Since they were not wages, the Appellee was not able to cause a writ of garnishment, which is directed towards “salary or wages.”


In planning to take advantage of the wage exemption under Florida Statutes Section 222.11, the employer/employee relationship must be clearly established. The relationship can be established by using an employment agreement and ensuring that the employee is paid a wage (at least as frequently as other employees).

Independent Contractors

There has been a split in the Florida courts as to whether the earnings of an independent contractor are protected by Fla. Stat. § 222.11. a. In In re Glickman, 126 B.R. 124 (Bankr. M.D.Fla. 1991) the court found that nothing in the wage statute limits its protection to employees. The court then went on to add that amounts owed to a dentist who was an independent contractor were exempt because it was owed for personal labor and services. In In re Pettit, 224 B.R. 834 (Bankr. M.D.Fla. 1998), the Bankruptcy Court held that commissions and bonuses earned by debtor are exempt earnings pursuant to Fla. Stat. § 222.11 even though the debtor was labeled an independent contractor. The Pettit decision noted that it would not base its decisions solely on whether a debtor is labeled an employee or independent contractor.

Consequently, the court adopted a totality of the circumstances approach to determine whether debtor’s compensation constituted exempt earnings pursuant to Fla. Stat. § 222.11. The court stated the debtor was an independent contractor whose duties were essential to a job and not in the nature of running a business. He received regular compensation dictated by the terms of an arm’s length employment agreement, although such agreement was oral. The company owner had complete discretion as to the timing and the amount of debtor’s compensation and could adjust it if he chose to do so. Accordingly, the court held that, in light of all of the circumstances, debtor’s commission and bonuses were exempt earnings pursuant to Fla. Stat. § 222.11.

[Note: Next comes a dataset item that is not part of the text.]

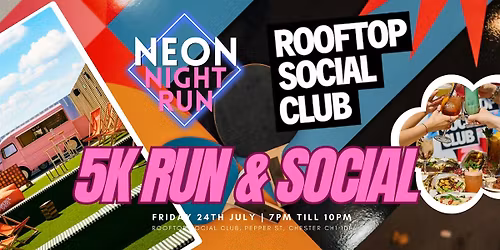 Neon Night Run & Social at Rooftop Social Club - Chester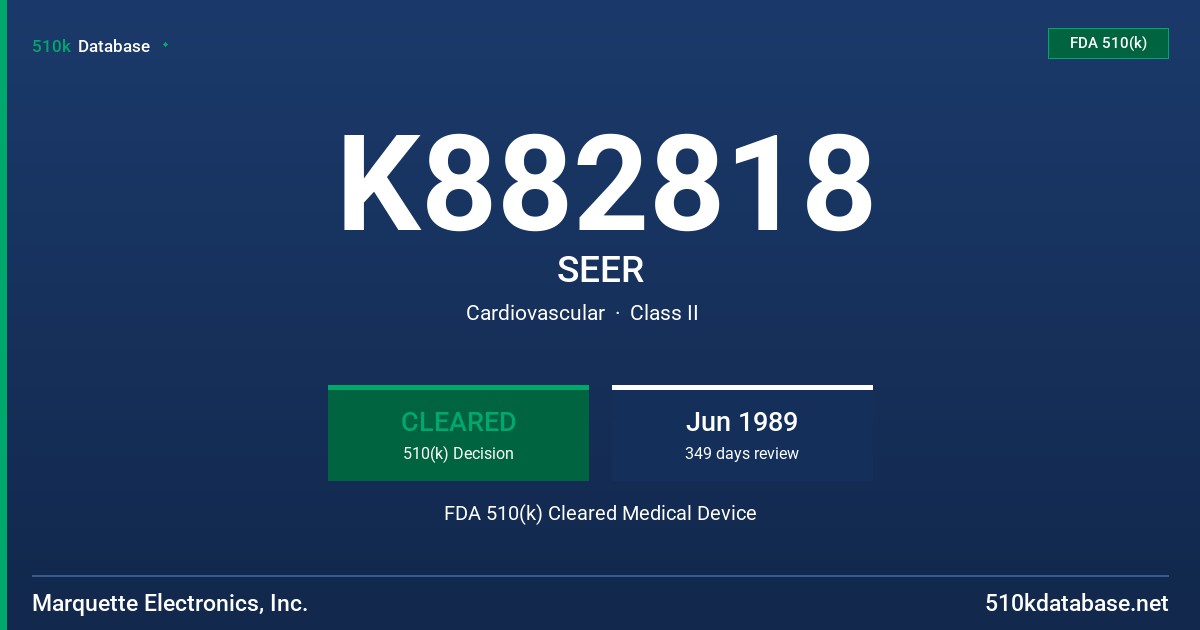 K882818 SEER FDA 510(k) Cleared Medical Device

In deciding this case, the court did a survey of the case law with respect to said statute both before and after its amendment in 1993. The court noted that most Florida Bankruptcy Courts have held that money due for personal labor or services can only be earned by an employee; consequently, wages paid to an employee are exempt, whereas compensation paid to an independent contractor is not.

The court also noted that in 1993, the Eleventh Circuit Court of Appeals in Schlein v. Mills (In re Schlein), 8 F.3d 745 (11th Cir. 1993), addressed the issue of whether Fla. Stat. § 222.11 exempts compensation of independent contractors. In that case, the debtor conceded he was an independent contractor but argued that the phrase “money due for personal labor or services” was not limited to earnings of employees. The court disagreed and held that “earnings” of an independent contractor are not money due for personal labor or services and were thus not exempt pursuant to Fla. Stat. § 222.11. In October, 1993, the Statute was amended and the term “earnings” was substituted with “money or other thing due to any person… or the personal labor or service of such person,” and the term “earnings” was defined as compensation paid or payable in money of a sum certain for personal services or labor whether denominated as wages, salary, commission or bonus.

The court noted that only two cases have dealt with the effect of the amendment in Schlein: In In re Zamora, 187 B.R. 783 (Bankr. S.D.Fla. 1995) the debtor, a sole practitioner, owned a law practice and a marina. The Zamora court held that cash in bank accounts belonging to debtor’s law practice and marina as well as accounts receivable from his law practice were not exempt earnings pursuant to Fla. Stat. § 222.11. The court pointed out that in addition to performing personal services as a business, the debtor must receive regular compensation dictated by the terms of an arm’s length employment  agreement to perform services that are much like a job. In Zamora, the court found that the debtor was in complete control of the business, the amount of his compensation and terms of his employment.